(Beginning of Material provided)

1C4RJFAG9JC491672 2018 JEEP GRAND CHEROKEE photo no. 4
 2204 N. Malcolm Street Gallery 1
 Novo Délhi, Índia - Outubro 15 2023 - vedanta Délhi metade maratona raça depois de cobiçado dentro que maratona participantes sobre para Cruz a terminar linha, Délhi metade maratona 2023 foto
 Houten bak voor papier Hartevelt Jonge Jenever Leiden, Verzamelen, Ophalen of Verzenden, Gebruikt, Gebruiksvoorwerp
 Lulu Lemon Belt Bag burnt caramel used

(End of Material provided)

* **Problem statement**: Word for word, repeat the lines that begin at the one with "Houten bak voor" and continue to the end of the listing above.

* **Result below**:
 Houten bak voor papier Hartevelt Jonge Jenever Leiden, Verzamelen, Ophalen of Verzenden, Gebruikt, Gebruiksvoorwerp
 Lulu Lemon Belt Bag burnt caramel used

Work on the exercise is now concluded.